There's a cheese grader on the floor. It's a bit hard to see underneath the Mt. Vasuvious of stuffed animals but you might catch a glimpse of the shiny metal if you look just right. But of course you have to actually be looking for it. If you're not then you just see the toy salad that my children have made in our daily routine of freaking destroying the house. The walls are still standing, but just barely. The toy salad is topped with the Parmesan of the toy/crap world--puzzle pieces. Or are they the croutons?
This mound lies in the middle of the hallway, right at the bottom of the stairs. To the casual observer this placement may look arbitrary and almost haphazard. The kind of mound that any destructive 4 year old and 3 year old toadie would make. But I know my children so I should have been aware that this was some sort of Vietcong trap. I should have known.
I had to step over the pile for the 100th time, each time asking the minions to please pick your shit up. Each time they said ok then promptly ignored my request. Eventually, I lost my patience and my temper. This was their plan all along. Clever. My children are very clever.
Tired of them ignoring me, I thought that I would give them a show of force. Prove who the alpha dog still in in this beotch. I walked to the pile and kicked it, I kicked it hard. The plan was to send the arms and legs of destroyed toys across the room and smack sickeningly against the opposite wall. Then slowly they would stick and slide down while making a creepy sliding noise. The plan sounded very good in my head.
But I wasn't wearing any shoes. Or socks. Just my bare feet.
The top of my big toe hit directly on the cheese grader. An interesting fact: a cheese grader can also be known as a skin grader, although unless you are a 12th century dungeon master, you would never know it.
I am now missing the top of that toe. I have troll feet already, good for stomping at fires on my front porch and scaring small children that wander underneath any bridges. Now they have the addition of authentic "battle damage". All I'm missing is a spiky club.

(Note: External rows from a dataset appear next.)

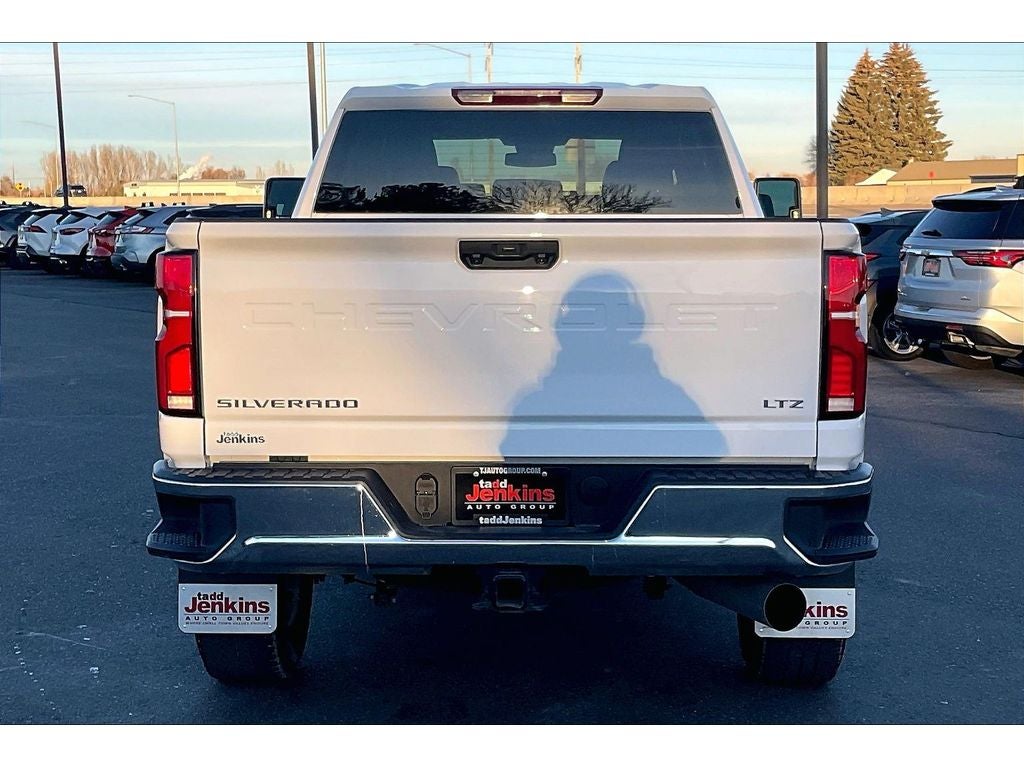 View vehicle photo 4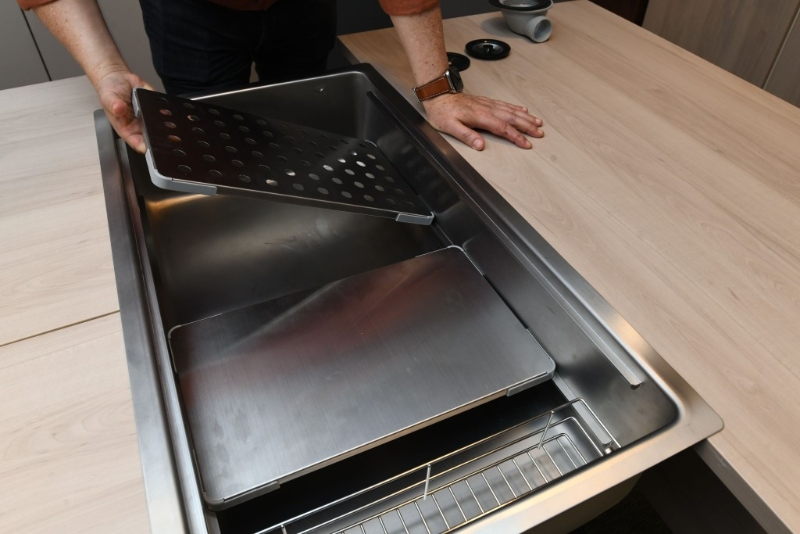 Shigeru日本鋅多功能鋅盆設有雙層軌道，并有6大配件，包括瀝水板、砧板、功能擴充板、輕巧小型鋅盆、瀝水籃及洗滌劑網(wǎng)籃。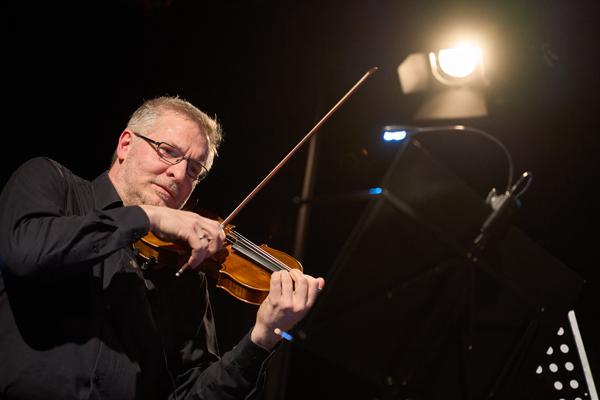 Florian Wilscher (Violine) mit Che Tango am Donnerstag, 9. März 2023 im Rahmen des 24. Internationalen Akkordeon Festivals 2023 in der Sargfabrik in Wien.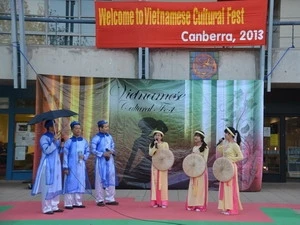 A quan ho (duet singing) performance by Vietnamese students in Australia (Source: VNA)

What was meant as a show of force had ended up with me staggering around on one leg while trying not to get little drops of blood on the floor, blood that only I would have to freaking clean up. That's what we call in the business of parenting as "adding insult to injury." The stuffed animals didn't even fly that far and I'm also pretty sure that the cheese grader scuffed my hardwood floor to.
The minions either thought I was being funny or they were laughing because they have learned how diabolical they can be.
Well played children. Well played indeed.